**Directions:** Every line containing the word "Wall" is to be copied from the data below.

[Information provided]

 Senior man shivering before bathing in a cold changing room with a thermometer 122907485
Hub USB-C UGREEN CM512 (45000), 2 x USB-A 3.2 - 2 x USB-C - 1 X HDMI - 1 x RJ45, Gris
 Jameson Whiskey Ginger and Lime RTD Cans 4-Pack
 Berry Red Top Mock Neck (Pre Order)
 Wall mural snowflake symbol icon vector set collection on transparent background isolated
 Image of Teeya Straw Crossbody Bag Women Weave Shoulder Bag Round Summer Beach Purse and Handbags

[/Information provided]
[Information provided]

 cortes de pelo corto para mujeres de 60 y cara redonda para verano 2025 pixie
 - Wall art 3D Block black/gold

[/Information provided]
[Information provided]

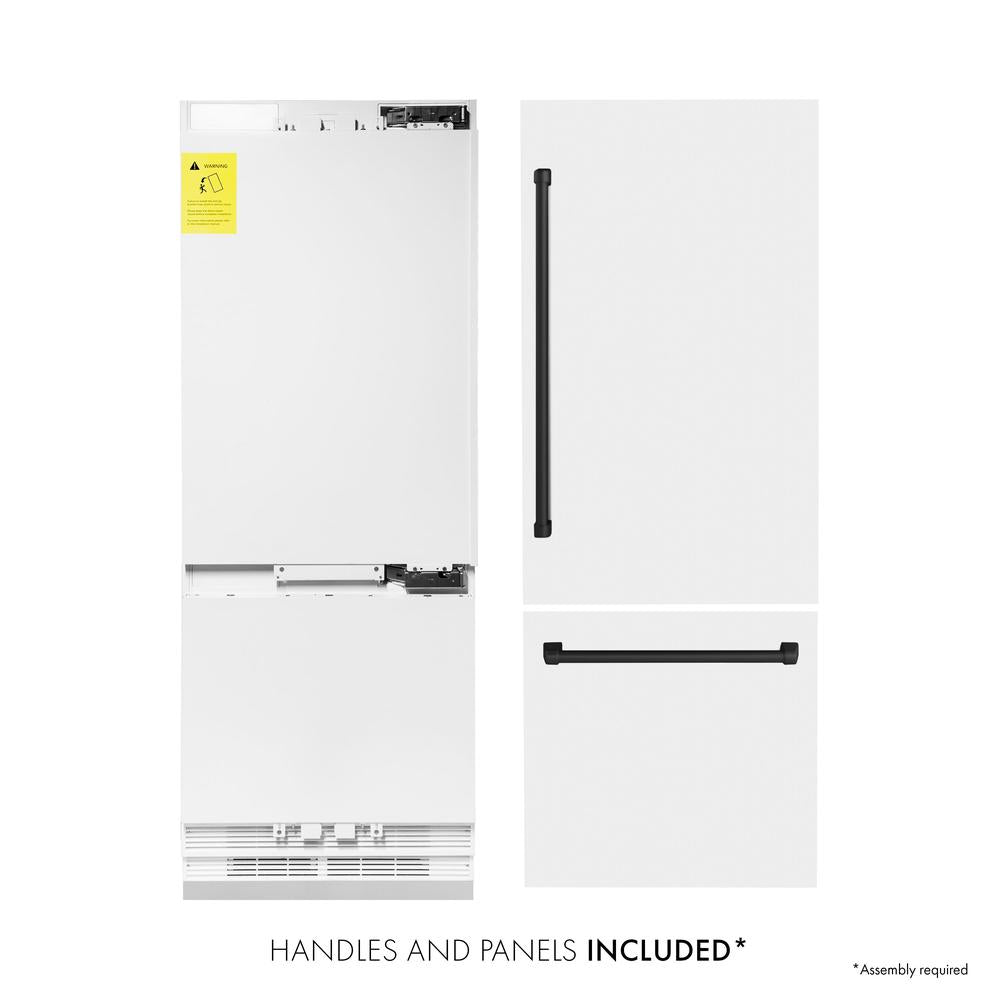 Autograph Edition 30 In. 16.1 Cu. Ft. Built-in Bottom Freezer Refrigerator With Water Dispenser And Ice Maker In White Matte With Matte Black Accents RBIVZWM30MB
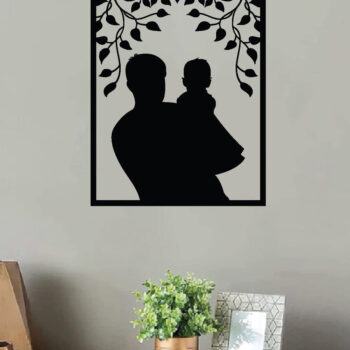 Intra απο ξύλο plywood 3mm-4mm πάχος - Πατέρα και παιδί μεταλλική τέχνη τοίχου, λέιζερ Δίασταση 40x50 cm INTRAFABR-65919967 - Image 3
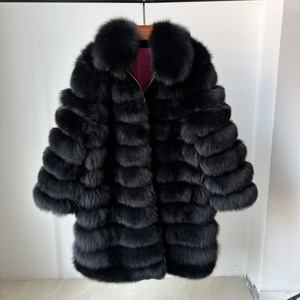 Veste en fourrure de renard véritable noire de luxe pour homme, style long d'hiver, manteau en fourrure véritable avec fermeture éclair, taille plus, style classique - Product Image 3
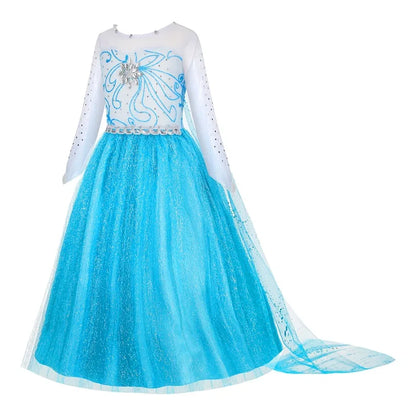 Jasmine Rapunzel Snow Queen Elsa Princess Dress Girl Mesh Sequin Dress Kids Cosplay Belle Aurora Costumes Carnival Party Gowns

[/Information provided]

**Completed exercise:**
 Wall mural snowflake symbol icon vector set collection on transparent background isolated
 - Wall art 3D Block black/gold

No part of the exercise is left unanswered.